### To do
Exactly the lines below, starting with the one containing "EBMT 2026 Virtual Meeting Platform" and going on through the one containing "Suzuki Jimny SUV / Terénní 1,3 l 63 kw", must be reproduced, both ends included, and no pictures with them.

### Records shown

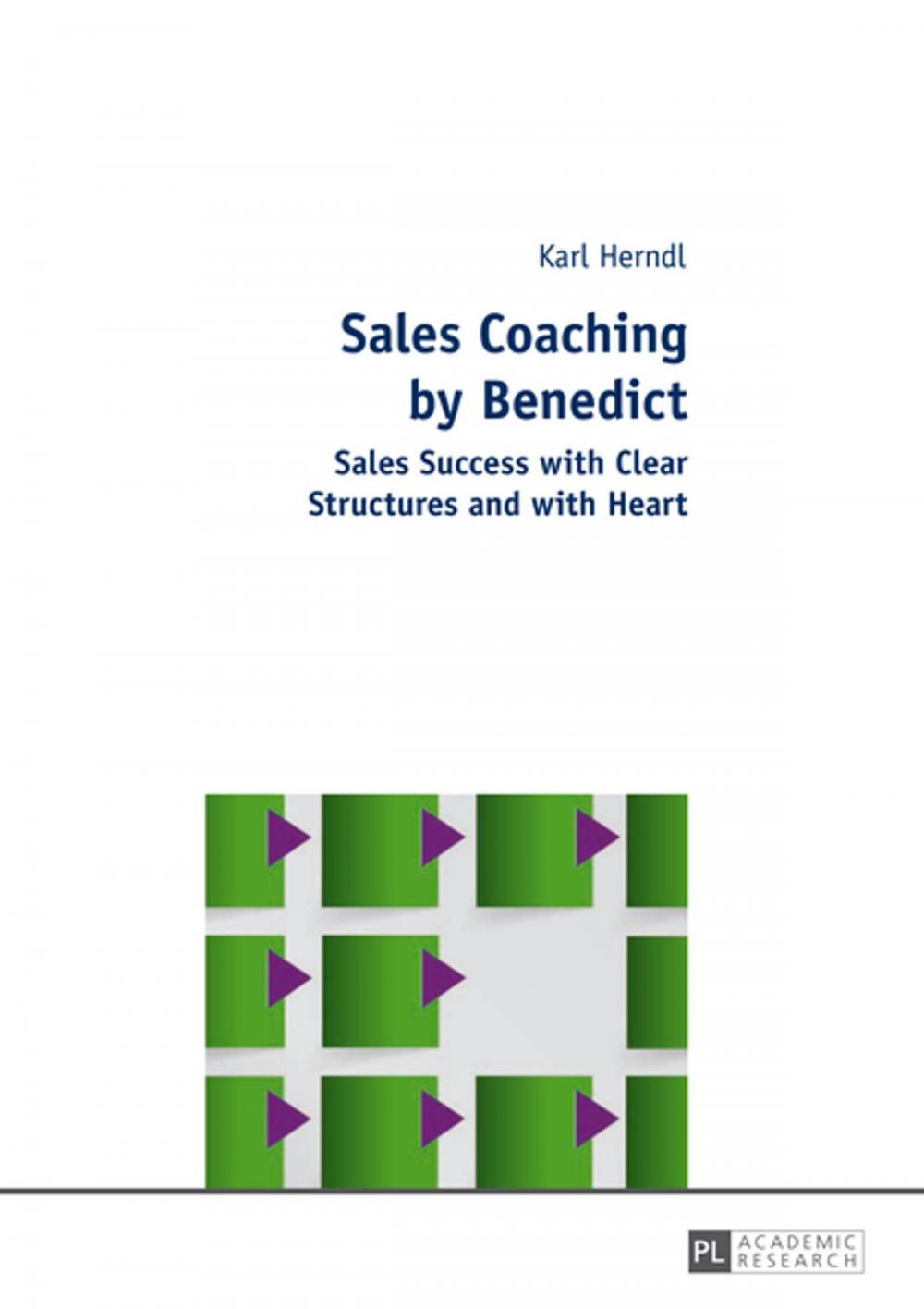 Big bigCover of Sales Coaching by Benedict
--
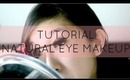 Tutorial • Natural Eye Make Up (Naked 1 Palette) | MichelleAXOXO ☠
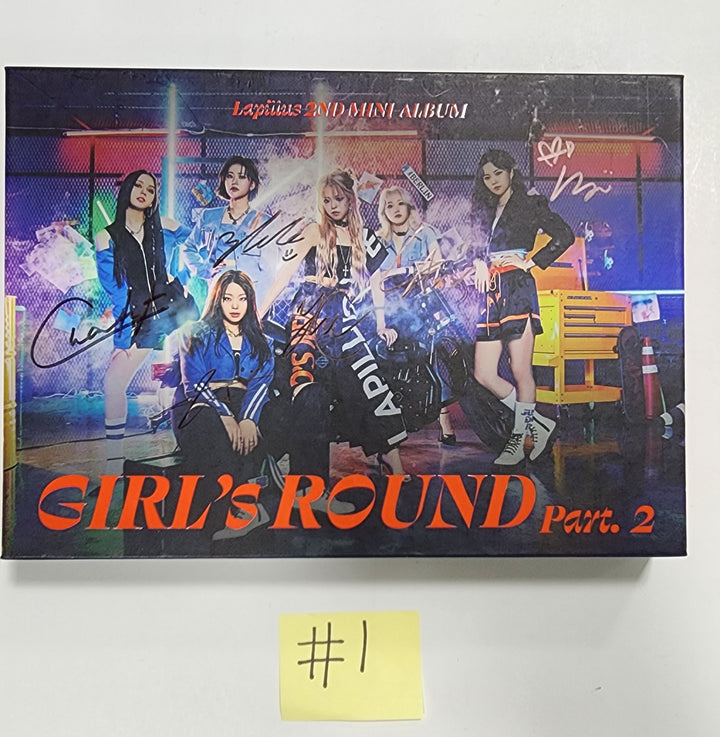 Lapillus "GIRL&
...
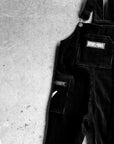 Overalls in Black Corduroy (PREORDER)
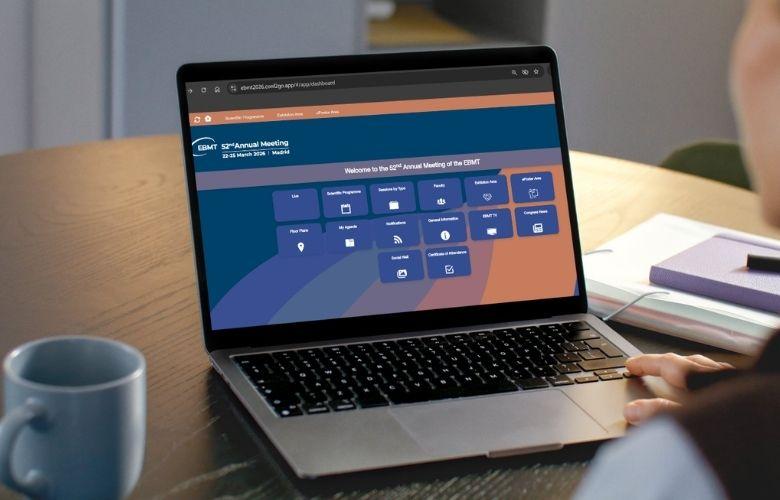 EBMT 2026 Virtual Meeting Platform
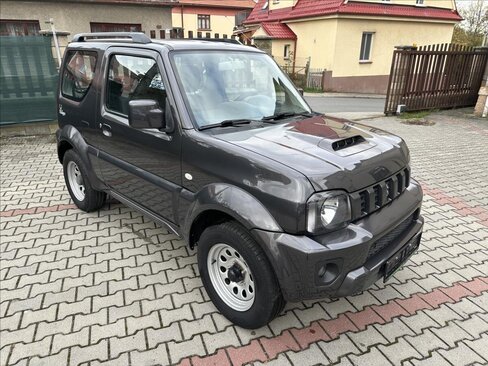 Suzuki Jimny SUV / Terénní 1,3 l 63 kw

### Result for this exercise
 EBMT 2026 Virtual Meeting Platform
 Suzuki Jimny SUV / Terénní 1,3 l 63 kw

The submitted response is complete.